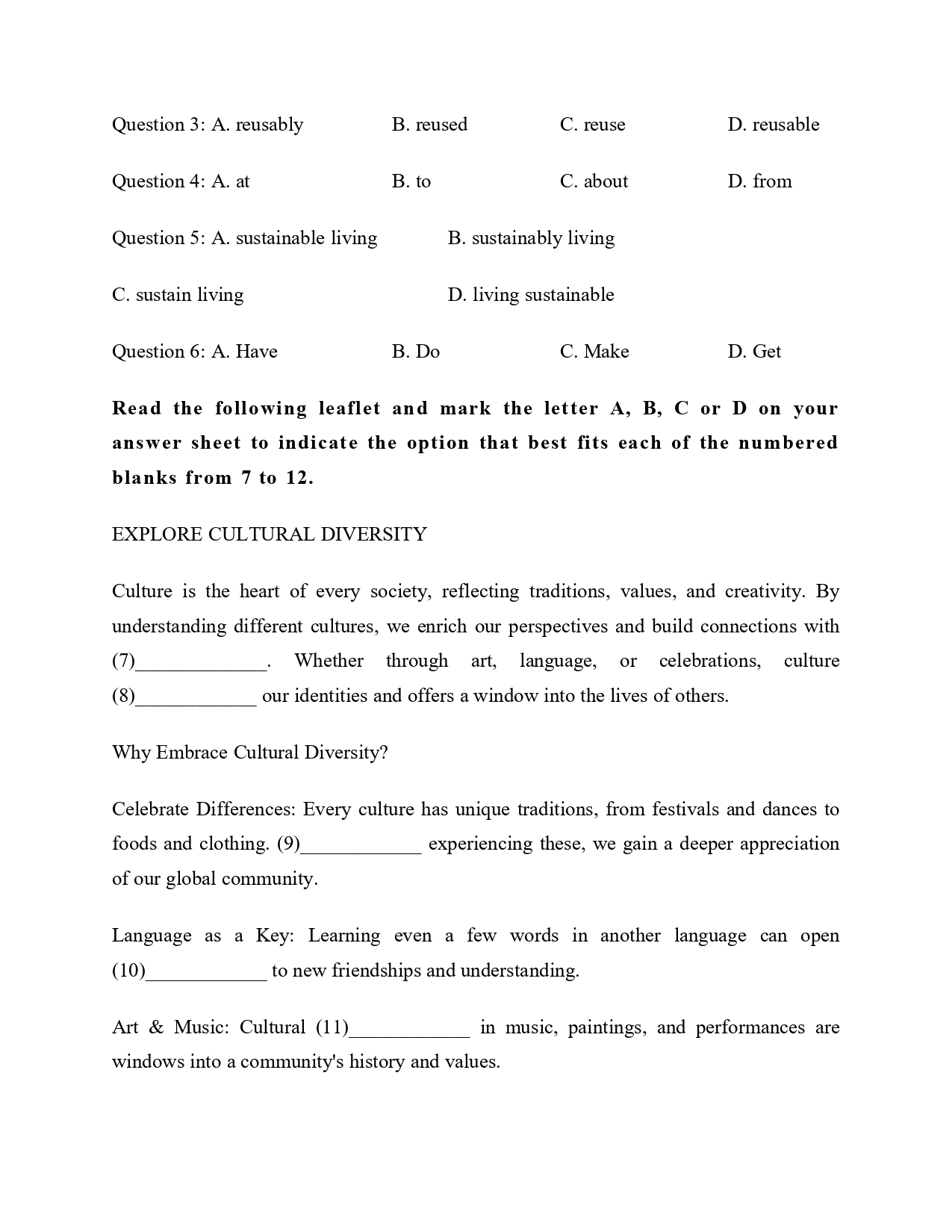 de thi hoc ki 1 tieng anh 12 global success de so 3 page 0002*726113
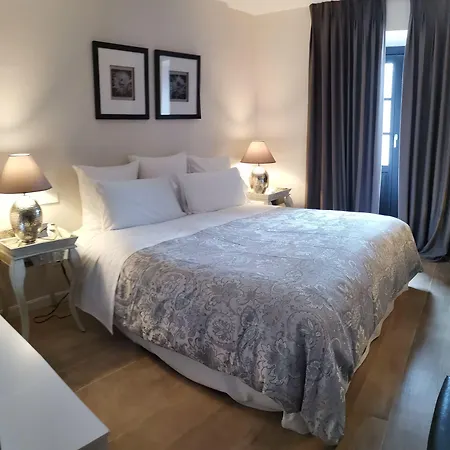 Hotel Boutique Aire De Ronda - Adults Only-2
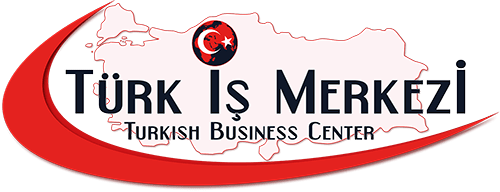 Türk İş Merkezi ( Turkish Business Center )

Activity: Images are not wanted in the copy. Please print the material above exactly.

The answer:
 de thi hoc ki 1 tieng anh 12 global success de so 3 page 0002*726113
 Hotel Boutique Aire De Ronda - Adults Only-2
 Türk İş Merkezi ( Turkish Business Center )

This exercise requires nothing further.